Santiniketan-based visual artist Surajit Mudi takes on another set of historical questions: what has been the role of the photographer in shaping a public’s understanding of their environment? How has the reputation of the photo-object been transformed by its focused circulation in art galleries, magazines, and the internet? Mudi explores these issues by travelling to different locations with his mobile studio: a customised version of an Afghan box camera — a camera and a darkroom in one — mounted onto a cycle, which also serves as a tripod.
In public gathering sites, such as marketplaces, Mudi invites people to witness and participate in the process of making a photograph, and discuss their responses and experiences. He maps these stories and conversations in the form of a visual travelogue, rich with anecdotes, mythology, and anxieties around the photograph — such as ghosts captured on negatives, the belief that photos turn their subjects younger, or trap their souls, memories of family albums, and suspicions many have towards the usage and circulation of photos taken of them.
The mobile studio opens new routes for both making and circulating photographs. It also complicates the reputation of the photograph as a realistic, unmediated representation of the environment — by giving attention to the myths around it, and publicising the variability, choices, and uncertainties involved in its making. By asking inhabitants to document their own surroundings through slow, unfamiliar processes, and think through this act together, Mudi fosters a slow, public re-looking at one’s environment, imagining new purposes and modes of consumption for the photograph.
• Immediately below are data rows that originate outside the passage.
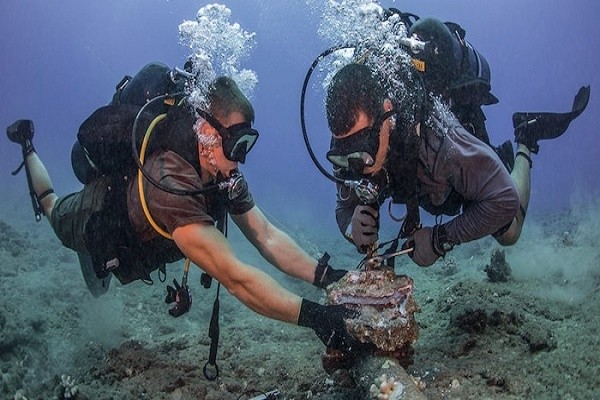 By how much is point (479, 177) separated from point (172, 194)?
8.85ft

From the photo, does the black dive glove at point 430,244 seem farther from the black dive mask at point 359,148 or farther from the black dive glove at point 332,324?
the black dive glove at point 332,324

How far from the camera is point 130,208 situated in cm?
448

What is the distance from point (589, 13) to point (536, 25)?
832 cm

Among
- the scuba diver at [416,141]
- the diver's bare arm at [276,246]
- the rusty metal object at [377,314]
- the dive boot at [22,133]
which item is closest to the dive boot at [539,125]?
the scuba diver at [416,141]

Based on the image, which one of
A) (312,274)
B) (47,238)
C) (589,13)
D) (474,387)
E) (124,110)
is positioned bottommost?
(474,387)

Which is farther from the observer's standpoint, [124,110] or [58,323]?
[58,323]

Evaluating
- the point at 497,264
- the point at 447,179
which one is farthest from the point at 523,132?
the point at 447,179

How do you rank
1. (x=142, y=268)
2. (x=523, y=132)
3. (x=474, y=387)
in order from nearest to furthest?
(x=474, y=387), (x=142, y=268), (x=523, y=132)

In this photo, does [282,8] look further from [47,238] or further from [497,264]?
[497,264]

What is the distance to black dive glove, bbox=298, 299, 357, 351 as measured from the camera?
11.2ft

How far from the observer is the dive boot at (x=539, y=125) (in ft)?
21.0

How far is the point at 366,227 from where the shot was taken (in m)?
4.53

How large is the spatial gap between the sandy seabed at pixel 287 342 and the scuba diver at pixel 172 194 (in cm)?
90

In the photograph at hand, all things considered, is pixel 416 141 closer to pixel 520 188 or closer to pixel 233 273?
pixel 233 273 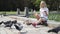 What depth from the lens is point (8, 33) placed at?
9.90 m

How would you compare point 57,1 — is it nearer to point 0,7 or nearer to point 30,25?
point 0,7

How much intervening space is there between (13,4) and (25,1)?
2.90m

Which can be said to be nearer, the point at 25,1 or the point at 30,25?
the point at 30,25

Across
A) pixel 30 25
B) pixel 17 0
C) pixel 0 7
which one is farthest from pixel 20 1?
pixel 30 25

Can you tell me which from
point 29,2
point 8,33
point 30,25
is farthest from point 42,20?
point 29,2

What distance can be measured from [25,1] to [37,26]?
33.6 metres

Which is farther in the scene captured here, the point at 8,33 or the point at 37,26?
the point at 37,26

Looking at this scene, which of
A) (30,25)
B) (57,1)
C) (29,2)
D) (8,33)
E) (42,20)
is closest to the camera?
(8,33)

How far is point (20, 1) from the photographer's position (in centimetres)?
4700

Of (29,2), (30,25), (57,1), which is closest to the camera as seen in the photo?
(30,25)

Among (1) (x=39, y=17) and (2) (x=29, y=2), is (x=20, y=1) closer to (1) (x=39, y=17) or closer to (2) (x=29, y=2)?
(2) (x=29, y=2)

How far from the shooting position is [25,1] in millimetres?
45406

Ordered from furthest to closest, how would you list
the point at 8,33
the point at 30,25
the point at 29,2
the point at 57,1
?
the point at 29,2 → the point at 57,1 → the point at 30,25 → the point at 8,33

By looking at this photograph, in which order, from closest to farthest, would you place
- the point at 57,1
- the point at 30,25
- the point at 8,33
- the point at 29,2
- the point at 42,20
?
the point at 8,33 → the point at 42,20 → the point at 30,25 → the point at 57,1 → the point at 29,2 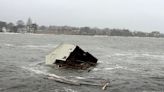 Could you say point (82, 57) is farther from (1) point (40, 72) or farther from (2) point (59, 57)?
(1) point (40, 72)

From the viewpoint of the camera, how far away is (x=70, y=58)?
121 ft

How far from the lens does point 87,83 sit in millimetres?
24672

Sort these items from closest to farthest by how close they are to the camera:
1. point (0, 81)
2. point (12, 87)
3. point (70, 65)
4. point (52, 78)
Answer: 1. point (12, 87)
2. point (0, 81)
3. point (52, 78)
4. point (70, 65)

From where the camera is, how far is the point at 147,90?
921 inches

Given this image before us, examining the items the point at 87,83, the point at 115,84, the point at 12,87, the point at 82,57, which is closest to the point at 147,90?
the point at 115,84

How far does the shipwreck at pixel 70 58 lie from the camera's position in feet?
115

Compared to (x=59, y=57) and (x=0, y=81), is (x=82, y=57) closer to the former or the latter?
(x=59, y=57)

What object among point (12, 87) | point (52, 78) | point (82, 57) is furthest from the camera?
point (82, 57)

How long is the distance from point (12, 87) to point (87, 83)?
6.24 metres

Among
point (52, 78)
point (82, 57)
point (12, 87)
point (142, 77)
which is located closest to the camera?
point (12, 87)

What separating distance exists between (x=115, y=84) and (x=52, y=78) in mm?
5630

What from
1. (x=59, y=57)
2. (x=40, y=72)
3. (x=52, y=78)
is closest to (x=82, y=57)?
(x=59, y=57)

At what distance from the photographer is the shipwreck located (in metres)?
35.1

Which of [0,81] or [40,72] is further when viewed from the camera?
[40,72] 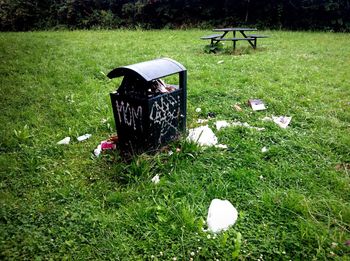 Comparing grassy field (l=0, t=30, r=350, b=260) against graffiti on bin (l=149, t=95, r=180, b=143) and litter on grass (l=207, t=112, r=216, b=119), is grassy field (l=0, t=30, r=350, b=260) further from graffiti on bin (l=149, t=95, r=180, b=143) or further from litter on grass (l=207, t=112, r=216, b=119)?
graffiti on bin (l=149, t=95, r=180, b=143)

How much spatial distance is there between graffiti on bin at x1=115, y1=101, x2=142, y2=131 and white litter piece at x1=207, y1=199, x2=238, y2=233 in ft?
3.81

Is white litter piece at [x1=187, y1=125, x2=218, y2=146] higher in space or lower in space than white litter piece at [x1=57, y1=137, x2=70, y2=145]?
higher

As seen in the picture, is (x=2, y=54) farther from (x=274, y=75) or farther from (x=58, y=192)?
(x=274, y=75)

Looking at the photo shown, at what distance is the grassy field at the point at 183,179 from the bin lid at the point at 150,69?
0.84m

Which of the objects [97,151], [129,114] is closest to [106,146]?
[97,151]

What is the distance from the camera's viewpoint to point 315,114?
425cm

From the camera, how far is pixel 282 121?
4.05m

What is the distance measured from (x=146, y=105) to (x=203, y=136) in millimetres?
1041

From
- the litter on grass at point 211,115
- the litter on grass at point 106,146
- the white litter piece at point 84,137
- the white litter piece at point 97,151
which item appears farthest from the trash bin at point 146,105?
the litter on grass at point 211,115

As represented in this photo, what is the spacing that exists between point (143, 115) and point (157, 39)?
8.41 metres

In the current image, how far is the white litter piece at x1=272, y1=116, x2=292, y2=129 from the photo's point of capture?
395 centimetres

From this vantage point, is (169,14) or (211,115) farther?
(169,14)

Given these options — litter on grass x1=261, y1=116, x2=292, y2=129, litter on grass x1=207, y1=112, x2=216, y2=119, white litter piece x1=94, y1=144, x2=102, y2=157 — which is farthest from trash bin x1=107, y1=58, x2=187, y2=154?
litter on grass x1=261, y1=116, x2=292, y2=129

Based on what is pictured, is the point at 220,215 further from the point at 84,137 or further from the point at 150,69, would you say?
the point at 84,137
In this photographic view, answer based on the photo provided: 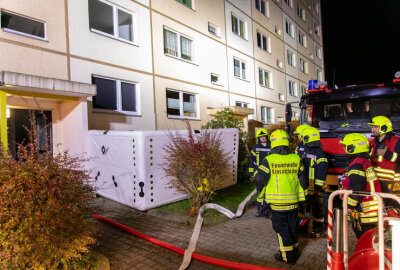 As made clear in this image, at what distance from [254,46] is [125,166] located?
14.5 m

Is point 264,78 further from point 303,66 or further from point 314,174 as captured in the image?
point 314,174

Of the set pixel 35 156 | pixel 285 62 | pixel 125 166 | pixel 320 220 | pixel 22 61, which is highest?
pixel 285 62

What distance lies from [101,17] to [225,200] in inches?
302

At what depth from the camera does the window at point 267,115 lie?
18.4m

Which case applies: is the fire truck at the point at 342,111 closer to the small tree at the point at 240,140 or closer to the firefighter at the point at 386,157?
the firefighter at the point at 386,157

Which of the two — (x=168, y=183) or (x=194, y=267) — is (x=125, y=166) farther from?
(x=194, y=267)

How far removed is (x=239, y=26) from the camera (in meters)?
16.6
His exploration of disrupting subject-object positionalities in photography extends to public workshops where participants make pinhole cameras with objects collected from their surroundings, such as discarded cardboard boxes, matkas, coconut shells, or soft drink cans. The object-turned-camera is then taken to where it was found and is used to take a photograph — revealing how the object ‘sees’ its own landscape. In one such workshop, a clay pot photographed the building near which it was found. The result was a photo-fragment with hazy edges that noticed a branch reaching towards a window and a tear in a neighbouring sheet of tarpaulin. As Ursula Le Guin suggests, the act of subjectifying need not necessarily “co-opt, colonise, exploit. Rather it may involve a great reach outward of the mind and imagination.”3
In each of these photo-practices, we find the artist walking outdoors, deciphering their environment’s vernacular, and intentionally fine-tuning their conceptual or material processes — out of a desire to be able to listen, when they are finally spoken to.
Footnotes
1 Dvaipayana meaning ‘that which is surrounded by water’, taken from the story of the birth of Veda Vyasa on an island in the Yamuna river.
2 Stengers, Isabelle. “Comparison as a Matter of Concern” Common Knowledge, vol. 17 no. 1, 2011, p. 48-63.
3 Ursula Le Guin, “Deep in Admiration”, in Anna Lowenhaupt Tsing, Heather Anne Swanson, Elaine Gan, and Nils Bubandt, eds. Arts of Living on a Damaged Planet: Ghosts and Monsters of the Anthropocene. Minnesota: Minnesota University Press 2017, M15-M22.